- _Required work_
Word for word, retype the lines from the one containing "Изображение Розетка телефонная" to the one containing "Funny Halloween Pattern" below, keeping both end lines and dropping the pictures.
--- Listed entries Enclosed Below ---
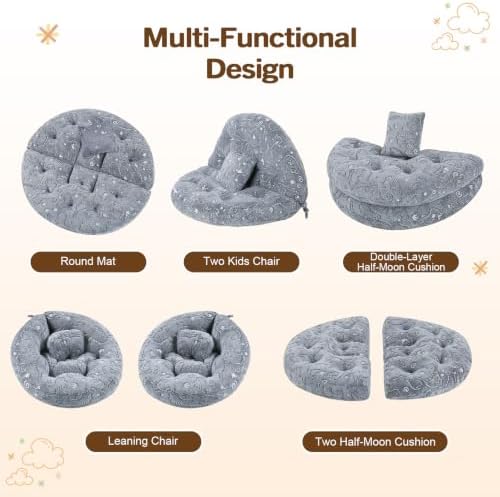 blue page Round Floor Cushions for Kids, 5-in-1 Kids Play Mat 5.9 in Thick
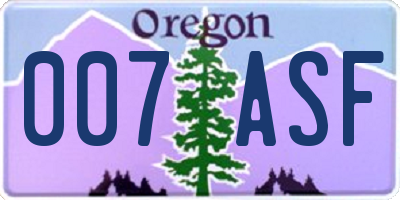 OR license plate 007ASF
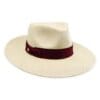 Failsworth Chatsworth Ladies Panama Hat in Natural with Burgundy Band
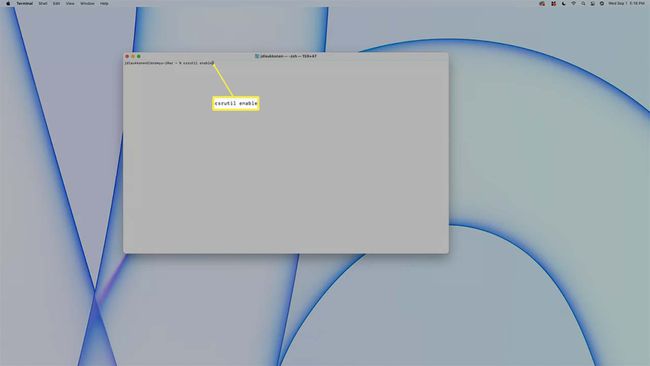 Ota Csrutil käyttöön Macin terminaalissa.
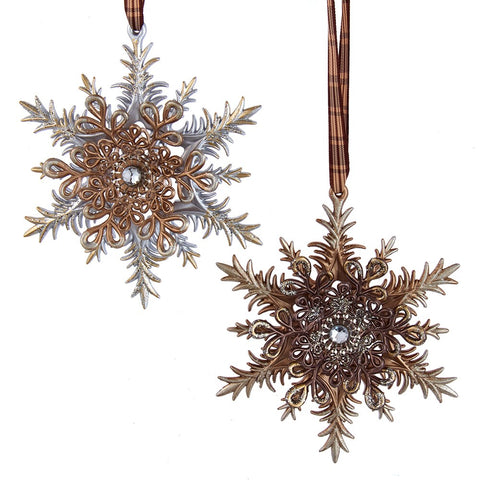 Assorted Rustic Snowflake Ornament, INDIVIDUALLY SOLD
--- End of Enclosed Listed entries ---
--- Listed entries Enclosed Below ---
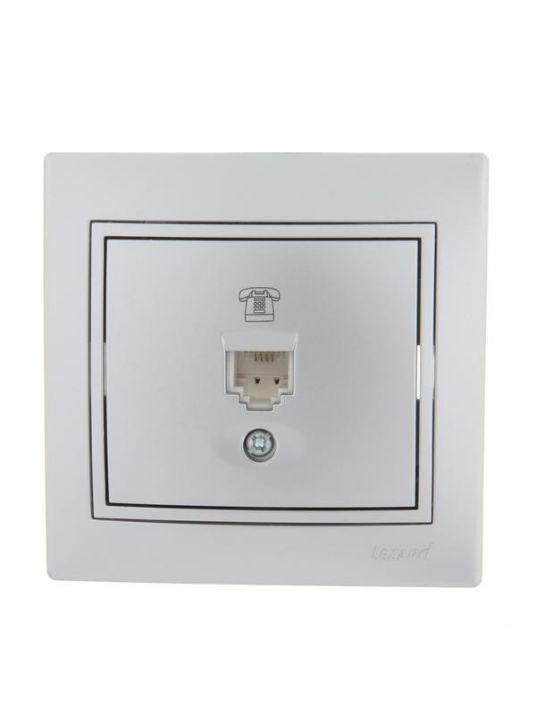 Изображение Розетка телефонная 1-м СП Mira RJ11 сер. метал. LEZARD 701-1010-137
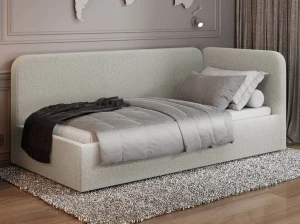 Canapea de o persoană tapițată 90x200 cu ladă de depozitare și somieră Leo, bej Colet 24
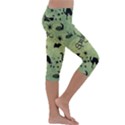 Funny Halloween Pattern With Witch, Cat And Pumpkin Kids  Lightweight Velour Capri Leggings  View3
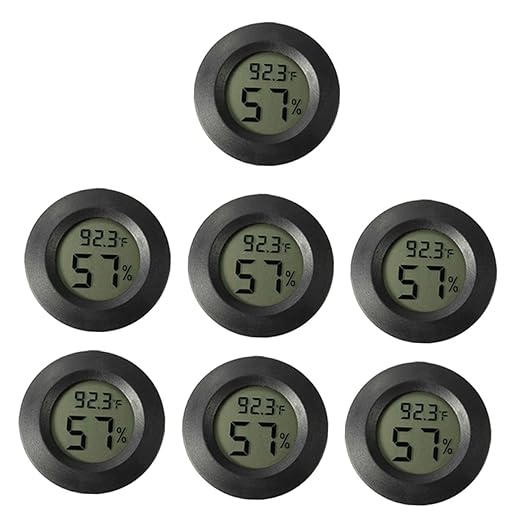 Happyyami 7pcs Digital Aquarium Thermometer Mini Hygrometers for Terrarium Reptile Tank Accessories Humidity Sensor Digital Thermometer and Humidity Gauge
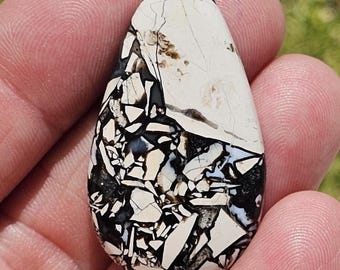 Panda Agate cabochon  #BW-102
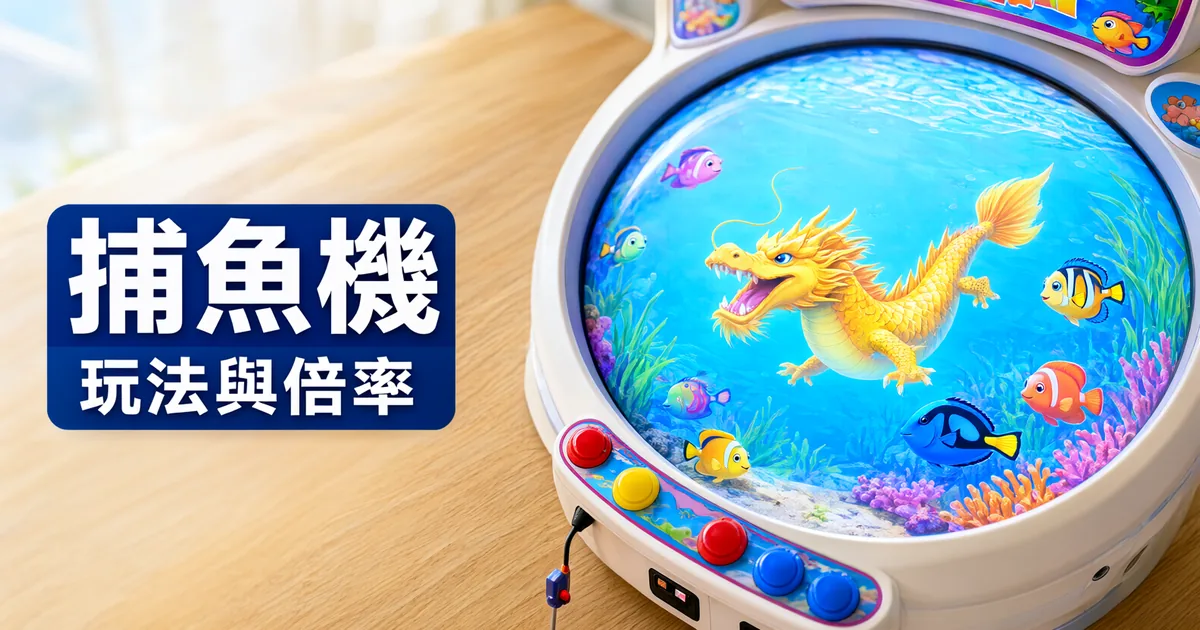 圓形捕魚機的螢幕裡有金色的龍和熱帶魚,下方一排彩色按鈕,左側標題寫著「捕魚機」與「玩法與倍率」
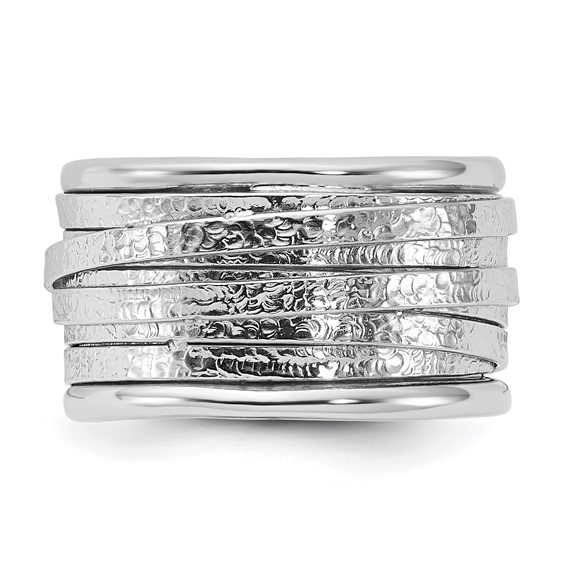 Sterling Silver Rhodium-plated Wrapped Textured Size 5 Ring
--- End of Enclosed Listed entries ---
--- Listed entries Enclosed Below ---
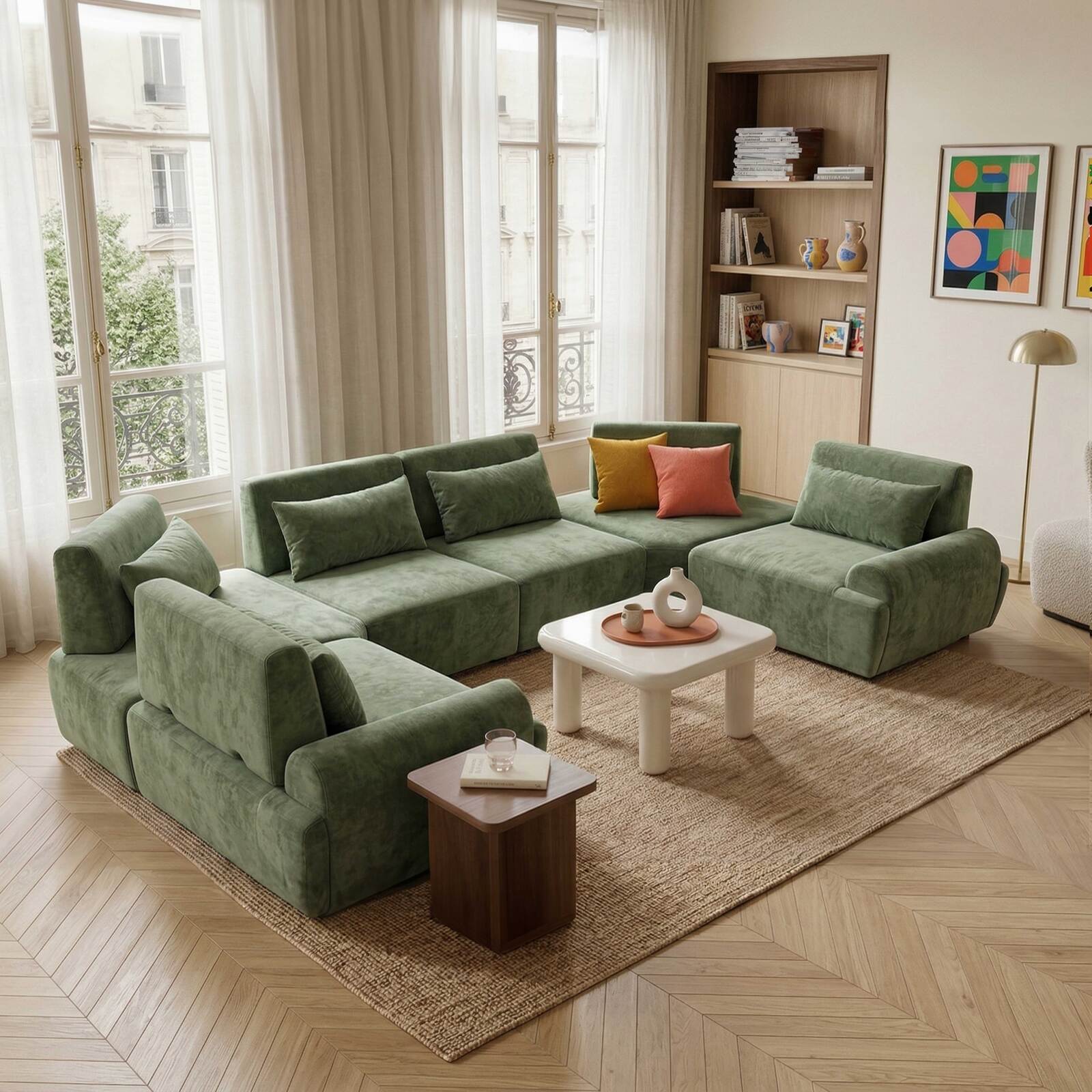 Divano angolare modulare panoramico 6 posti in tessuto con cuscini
--- End of Enclosed Listed entries ---
- _Task output_
 Изображение Розетка телефонная 1-м СП Mira RJ11 сер. метал. LEZARD 701-1010-137
 Canapea de o persoană tapițată 90x200 cu ladă de depozitare și somieră Leo, bej Colet 24
 Funny Halloween Pattern With Witch, Cat And Pumpkin Kids  Lightweight Velour Capri Leggings  View3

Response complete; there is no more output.